**DESCRIPTION OF THE TASK**
Which lines of the records contain the word "Exterior"? Copy each one.

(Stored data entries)
+ + + + +

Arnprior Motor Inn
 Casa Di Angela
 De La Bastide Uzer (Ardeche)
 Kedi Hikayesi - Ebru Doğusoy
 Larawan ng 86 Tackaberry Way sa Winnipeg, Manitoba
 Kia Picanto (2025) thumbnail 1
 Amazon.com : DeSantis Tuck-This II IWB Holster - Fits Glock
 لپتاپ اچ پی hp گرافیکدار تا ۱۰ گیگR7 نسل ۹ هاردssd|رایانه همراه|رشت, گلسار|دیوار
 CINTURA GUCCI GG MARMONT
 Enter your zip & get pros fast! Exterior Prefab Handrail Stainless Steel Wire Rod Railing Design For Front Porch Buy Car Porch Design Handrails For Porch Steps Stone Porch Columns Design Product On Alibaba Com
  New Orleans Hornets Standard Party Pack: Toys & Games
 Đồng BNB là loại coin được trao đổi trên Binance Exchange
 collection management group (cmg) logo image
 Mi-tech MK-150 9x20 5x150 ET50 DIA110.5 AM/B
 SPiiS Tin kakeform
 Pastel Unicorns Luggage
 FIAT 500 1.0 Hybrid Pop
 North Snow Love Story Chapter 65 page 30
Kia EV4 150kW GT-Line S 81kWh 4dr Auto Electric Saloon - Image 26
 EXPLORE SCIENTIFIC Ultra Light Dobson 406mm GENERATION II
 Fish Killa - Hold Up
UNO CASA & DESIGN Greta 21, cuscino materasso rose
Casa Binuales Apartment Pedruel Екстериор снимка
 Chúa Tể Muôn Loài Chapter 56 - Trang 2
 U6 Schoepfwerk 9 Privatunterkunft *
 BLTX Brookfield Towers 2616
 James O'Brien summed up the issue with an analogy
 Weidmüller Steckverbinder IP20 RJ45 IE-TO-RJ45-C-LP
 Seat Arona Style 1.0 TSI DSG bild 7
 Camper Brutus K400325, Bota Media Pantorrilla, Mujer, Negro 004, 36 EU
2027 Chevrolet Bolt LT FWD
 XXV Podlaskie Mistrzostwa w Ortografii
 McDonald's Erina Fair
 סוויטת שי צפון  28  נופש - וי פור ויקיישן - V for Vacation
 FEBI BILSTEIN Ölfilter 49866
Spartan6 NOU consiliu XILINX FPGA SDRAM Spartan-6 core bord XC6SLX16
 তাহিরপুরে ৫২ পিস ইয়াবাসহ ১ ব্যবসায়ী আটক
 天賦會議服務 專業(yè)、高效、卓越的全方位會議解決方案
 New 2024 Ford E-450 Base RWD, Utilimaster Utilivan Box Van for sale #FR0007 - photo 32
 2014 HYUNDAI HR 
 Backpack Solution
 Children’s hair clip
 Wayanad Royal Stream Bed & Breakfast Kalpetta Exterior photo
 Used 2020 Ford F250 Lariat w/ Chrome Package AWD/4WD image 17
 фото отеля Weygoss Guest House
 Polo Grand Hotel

+ + + + +

**SOLUTION FOR THIS PROBLEM**
 Enter your zip & get pros fast! Exterior Prefab Handrail Stainless Steel Wire Rod Railing Design For Front Porch Buy Car Porch Design Handrails For Porch Steps Stone Porch Columns Design Product On Alibaba Com
 Wayanad Royal Stream Bed & Breakfast Kalpetta Exterior photo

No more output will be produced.